Okeechobee County History - Lawman was Generous

Lawman was Generous


Pogy Bill Married Eddie Merle Dupree, the daughter of Horace Dupree, in the early 1920’s. The couple never achieved financial security because Bill so often took it upon himself to provide for the needs, often with the last cent in his pocket. Everyone who remembers the colorful lawman, recalls that he as perpetually broke, for he gave away all that he made. He was the unofficial daddy to every orphan in the county. Widows and families in distress were likely to find themselves the beneficiaries of his charity.

When prohibition became the law of the land, Pogy Bill found himself in contempt of the law. He had quit drinking many years before, but he saw no harm in a person taking a drink.

At this point in Okeechobee history, fishing was no longer a profitable enterprise. The existing cattle business required few employees.

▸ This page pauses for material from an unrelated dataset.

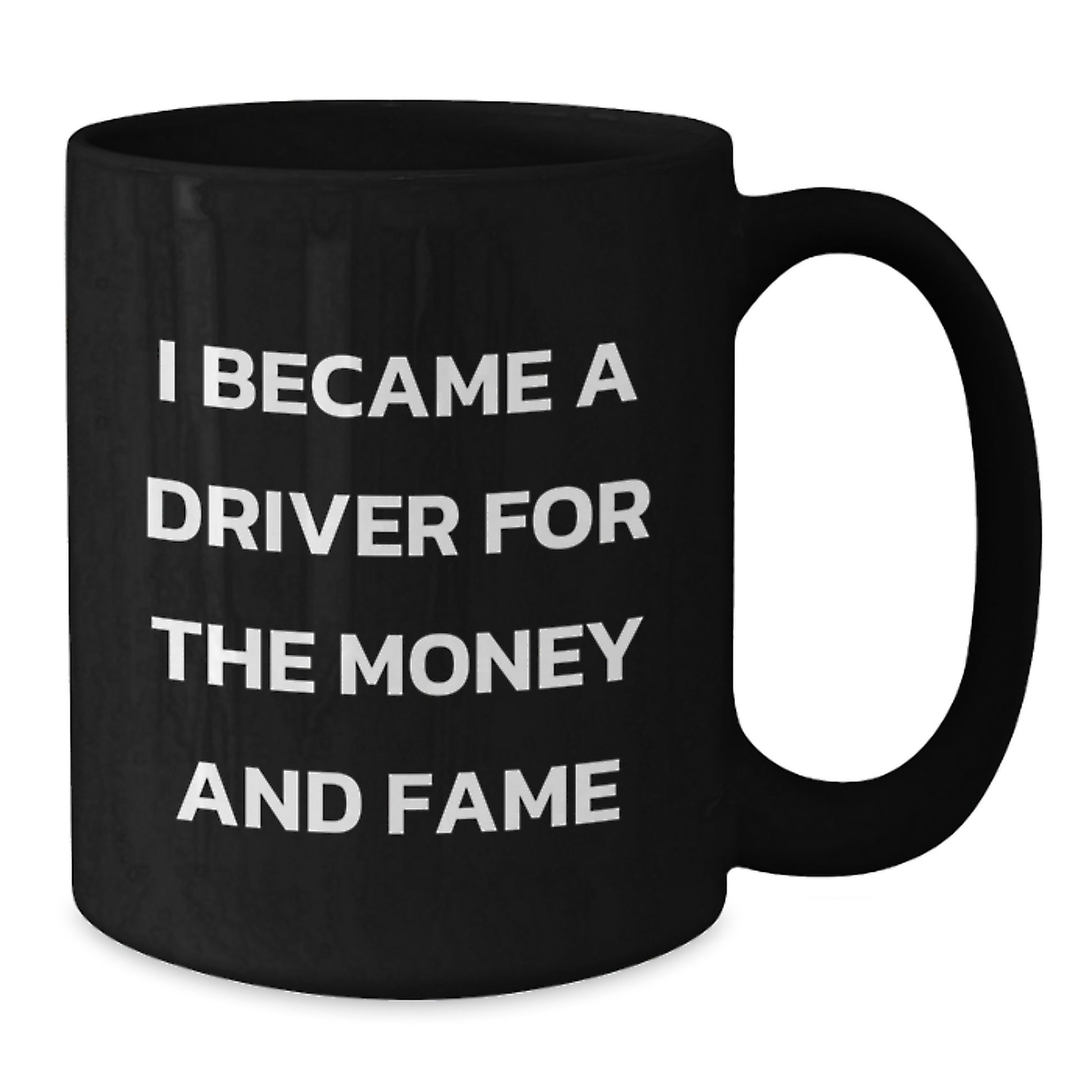 Gifts from Friends and Family for the Driver in Your Life, Funny Black Coffee Mug for Men and Women, I Became A Driver For The Money And Fame - Additional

The woods were almost hunted out. The only thriving industry was lumber, but the local sawmill brought in its own labor. Pogy Bill knew that a great number of Okeechobee residents derived their income from making and selling moonshine. The dense undergrowth around the lake made the scrubs and hammocks ideally uited to setting up and concealing stills. Some books and periodicals record that the county was alive with stills.

On one occasion, it was reported to Sheriff Pogy Bill that a large still had been located. He assured them that he would get around to investigating it, but at the moment, he said, he was "spending all my time trying to keep those fellows from selling the stuff in the post office."

He couldn’t and probably didn’t even want to stop all the production and sale of moonshine in the county, since he knew many people depended on this industry for their livelihood. He also didn’t let the moonshingers run wild. In usual Pogy Bill style, he supervised the illegal activities, according to his own code. Unfortunately, his system did not exactly comply with federal regulations, and Pogy Bill found himself under investigation. His arrest involved a still in the woods northeast of the town. The tracks for the St. Andrews Bay Lumber Company trains ran right past the still. Allegedly unknown to the officials of the lumber company, these trains had been hauling in sugar and meal and hauling out the moonshine in barrels, concealed under the lumber.

One of the New York shipments sprang a leak in the railroad yards at Lake Wales. Government agents began an intensive investigation, and while they were not able to find evidence to charge Pogy Bill with manufacturing the moonshine, they did charge the sheriff and one of his deputies with guarding the road while the illegal booze was being loaded onto the train. In 1931, he was tried twice in Miami. The first trial ended in a hung jury. The second jury found Bill guilty on three counts, each carrying a two-year sentence. He appealed the conviction, and although the original verdict was upheld, he was placed on six years probation.

He resigned from the office of sheriff. His resignation came about not as a result of public pressure, but because he wanted to save Gov. Doyle C. Carleton embarrassment. In fact, the Okeechobee community sent the governor a petition urging the governor not to accept the resignation. It was signed by 700 persons, representing about 90 percent of the county voters at that time.

In 1932, he ran again for sheriff, and for the first time in his political career, he was defeated by three votes. His trial and attorney fees had cost him what little he had. He had sold his car and campaigned on foot. He took a job for a while in Indiantown, and when the office of Chief of Police in Frospoof became vacant, he applied for and was appointed to the post.

In 1934, while on his way to a fire, an accident left Bill pinned under an overturned firetruck. He was apparently unhurt at the time, but several days later, he caught pneumonia and died.